With pictures left out, set down every record word for word.

##### DATA SUPPLIED

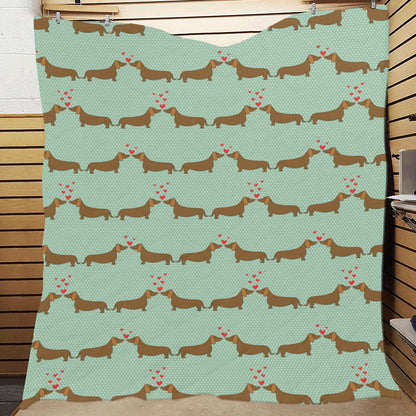 Dachshund Pattern Print Design 02 Premium Quilt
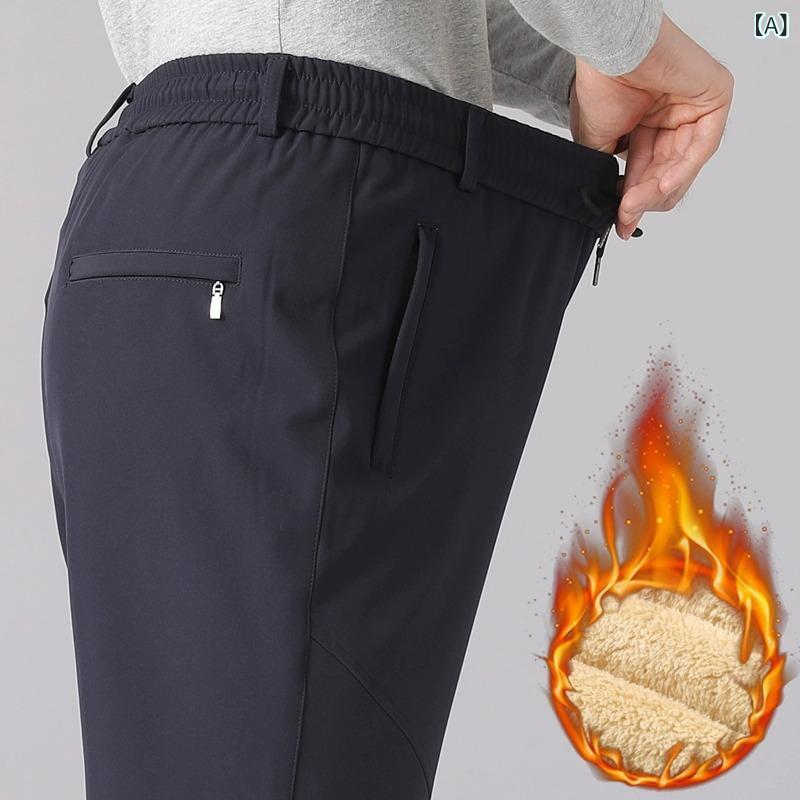 パンツ メンズ 中高年 高齢者 シープボア 裏起毛 厚手 コットン ウエストゴム イージーパンツ 防寒 暖かい カジュアル 普段使い 外出着 秋冬
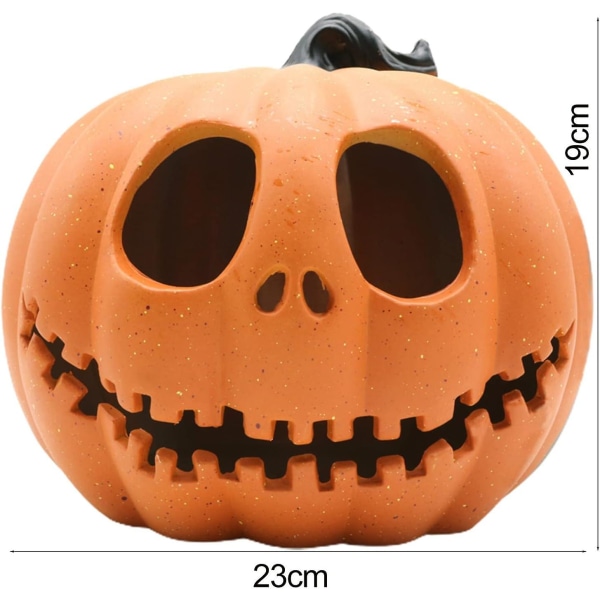 LED-plastlykta i form av pumpa för Halloween-dekoration (batterier ingår ej) - orange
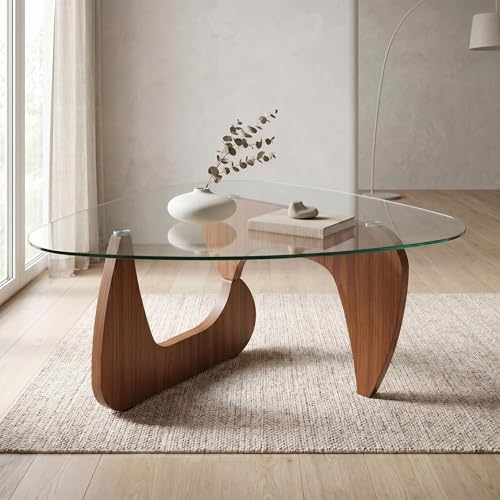 Image of 35.8 inch Glass Coffee Table, Modern Coffee Tables for Living Room, Organic Round Coffee Table with Clear Tempered Glass Top and Walnut Finish Wood Base, Small Center Table, Mesa de Centro para Sala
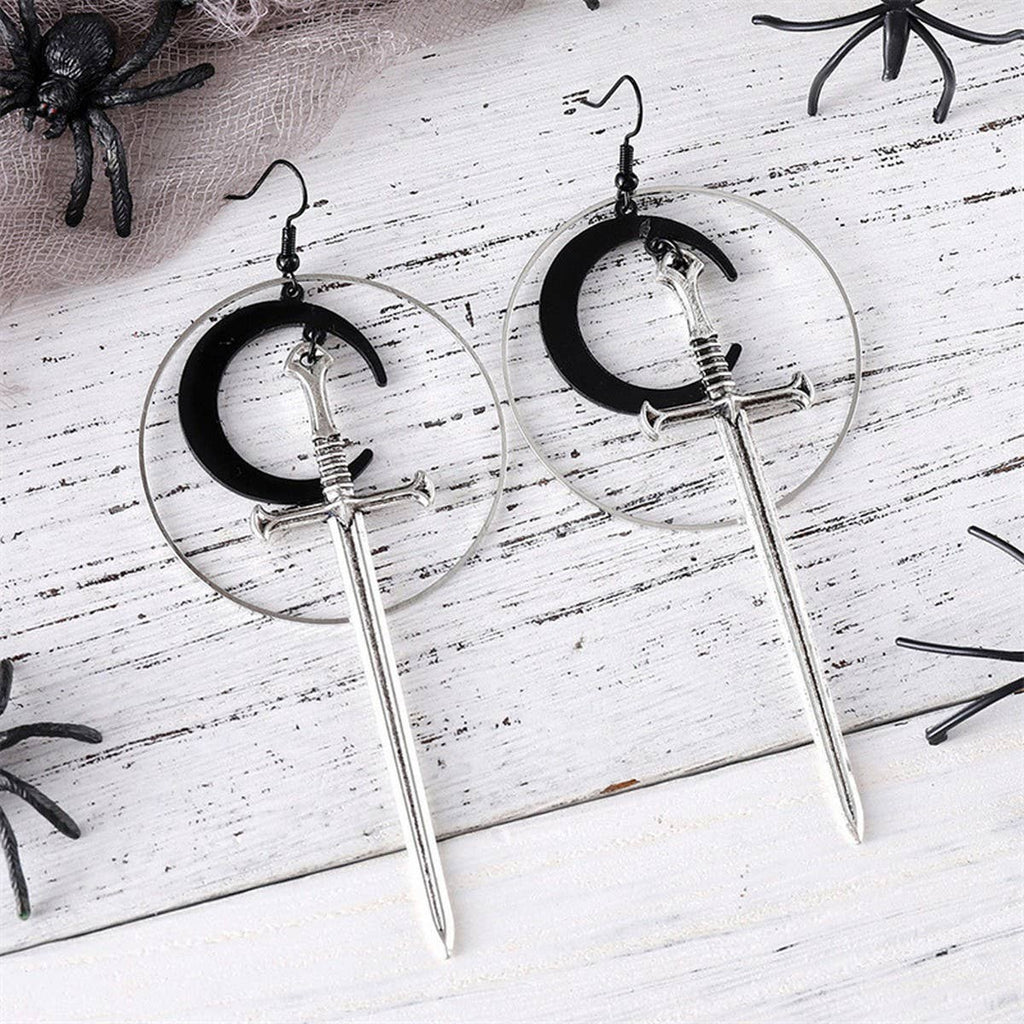 HALLOWEEN ROUND BLACK MOON SWORD EARRINGS_CWAJE1988 - Angel's House of Design Co.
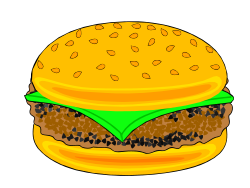 Hamburger Clipart with Green Bun - Tasty Visuals for Your Projects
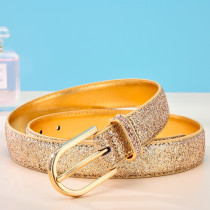 Hot selling new fashionable women's belt gold PU leather women's belt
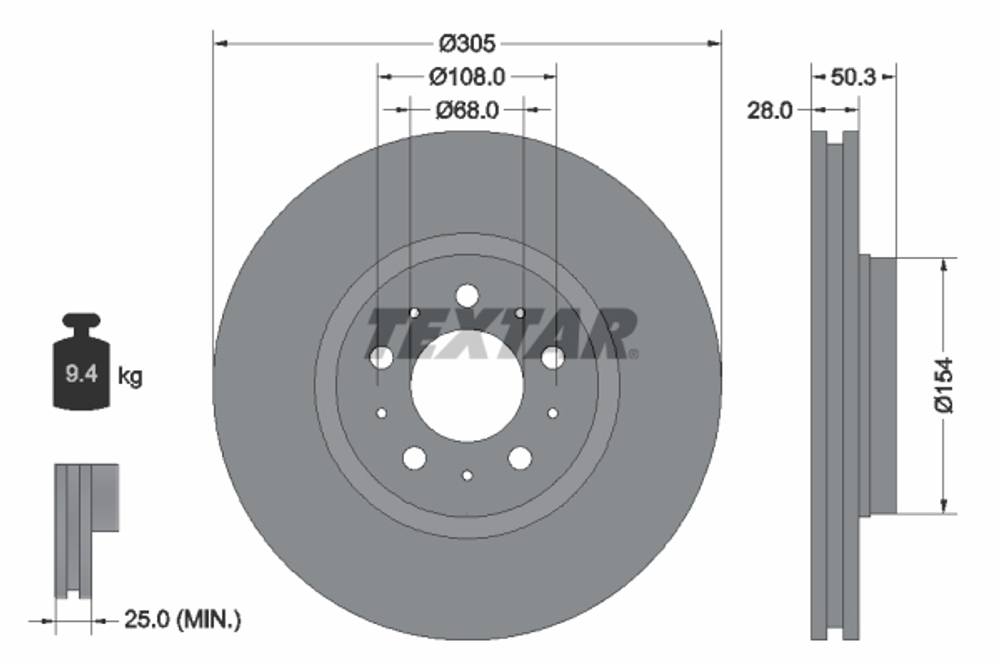 TEXTAR - 92100603-TET - Brake Disc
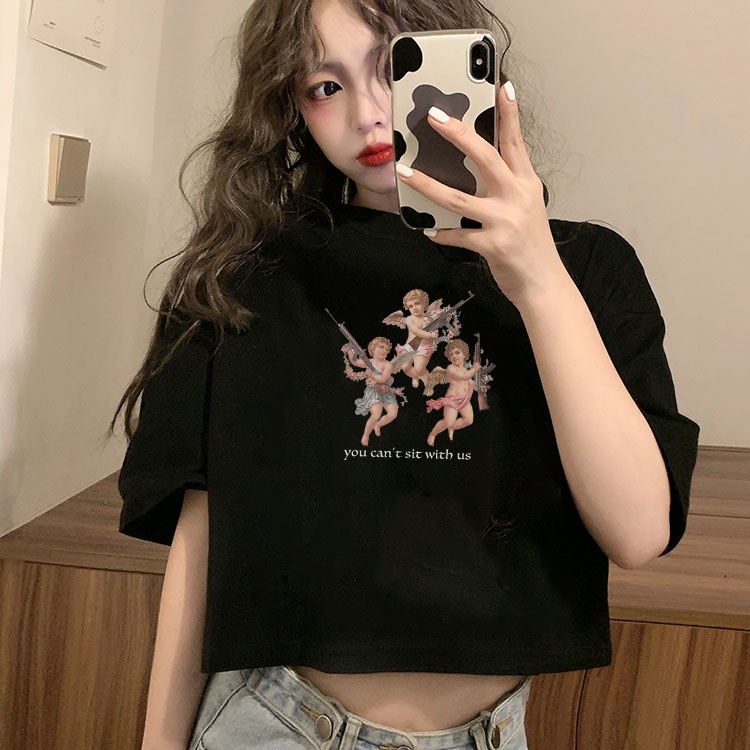 Áo croptop nữ tay ngắn cổ tròn vải thun cotton kiểu hàn quốc CR019 Miucho in hình hoạ tiết
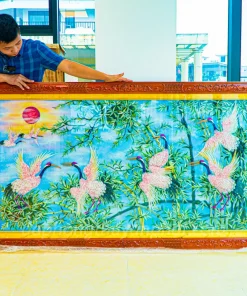 Tranh Đá Quý Hồng Hạc - AT016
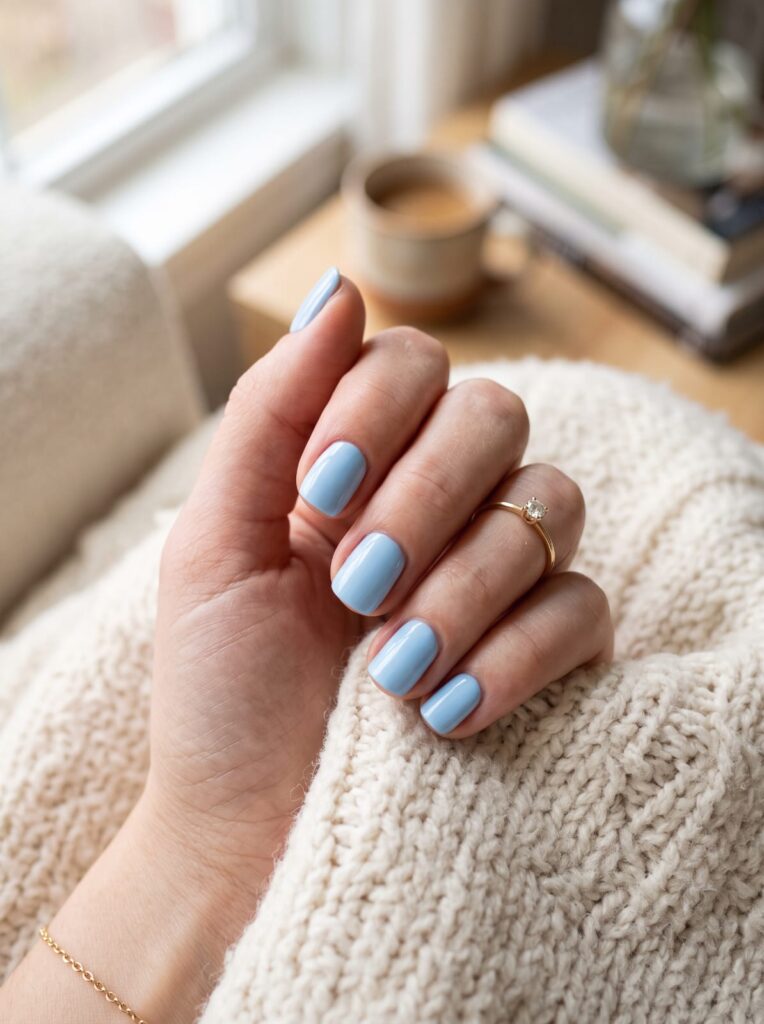 Soft Baby Blue Nails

##########

▸ RESULT BELOW:
 Dachshund Pattern Print Design 02 Premium Quilt
 パンツ メンズ 中高年 高齢者 シープボア 裏起毛 厚手 コットン ウエストゴム イージーパンツ 防寒 暖かい カジュアル 普段使い 外出着 秋冬
 LED-plastlykta i form av pumpa för Halloween-dekoration (batterier ingår ej) - orange
 Image of 35.8 inch Glass Coffee Table, Modern Coffee Tables for Living Room, Organic Round Coffee Table with Clear Tempered Glass Top and Walnut Finish Wood Base, Small Center Table, Mesa de Centro para Sala
 HALLOWEEN ROUND BLACK MOON SWORD EARRINGS_CWAJE1988 - Angel's House of Design Co.
 Hamburger Clipart with Green Bun - Tasty Visuals for Your Projects
 Hot selling new fashionable women's belt gold PU leather women's belt
 TEXTAR - 92100603-TET - Brake Disc
 Áo croptop nữ tay ngắn cổ tròn vải thun cotton kiểu hàn quốc CR019 Miucho in hình hoạ tiết
 Tranh Đá Quý Hồng Hạc - AT016
 Soft Baby Blue Nails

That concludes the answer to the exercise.